1It may be stated here that, if this was ever done, the War Office did not consider Ernest's services worthy of notice, for he never heard anything more about them.
CHAPTER II
ERNEST'S EVIL DESTINY
About nine o'clock in the morning following Mazooku's oration, a young lady came running up the stairs of the principal Plymouth hotel, and burst into a private sitting-room, like a human bomb-shell of attractive appearance, somewhat to the astonishment of a bald old gentleman who was sitting at breakfast.

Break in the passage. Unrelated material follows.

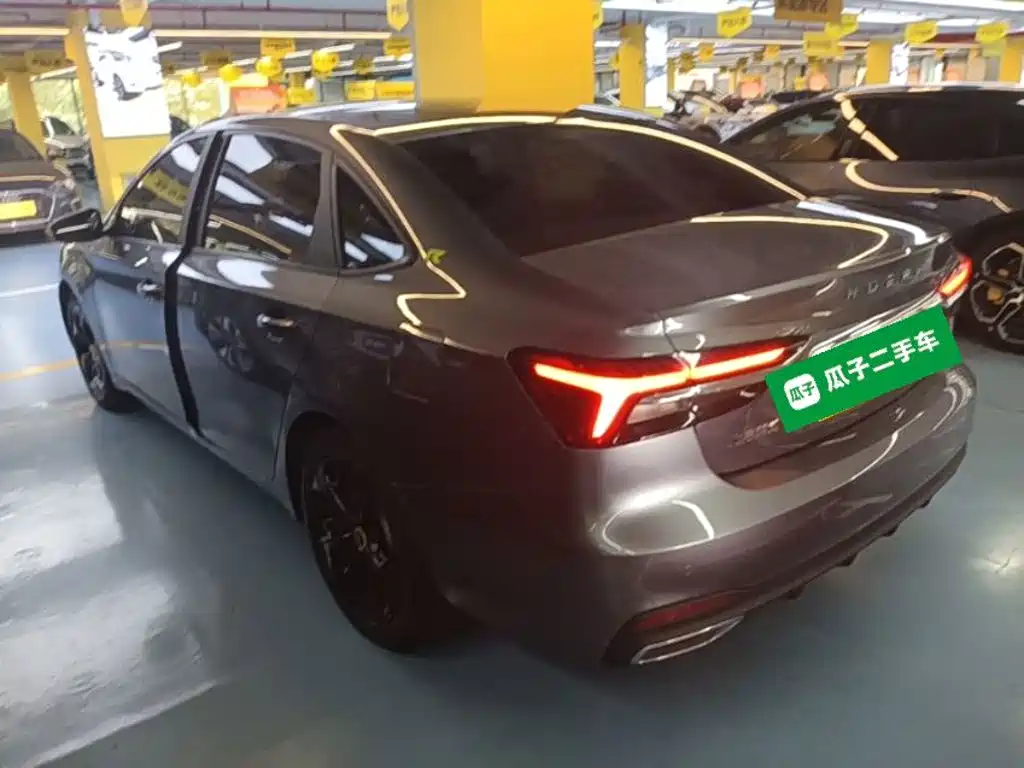 Фото 5 - Roewe i6 MAX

"Good gracious, Dorothy, have you gone suddenly mad?"
"O Reginald, the /Conway Castle/ is nearly in, and I have been to the office, and got leave for us to go off in the launch; so come along, quick!"
"What time does the launch leave?"
"A quarter to ten exactly."
"Then we have three-quarters of an hour."
"O please, Reginald, be quick; it might go before, you know."
Mr. Cardus smiled, and, rising, put on his hat and coat, "to oblige Dorothy," he said; but, as a matter of fact, he was as excited as she was. There was a patch of red on each of his pale cheeks, and his hand shook.
In a quarter of an hour they were walking up and down the quay by the Custom House, waiting for the launch to start.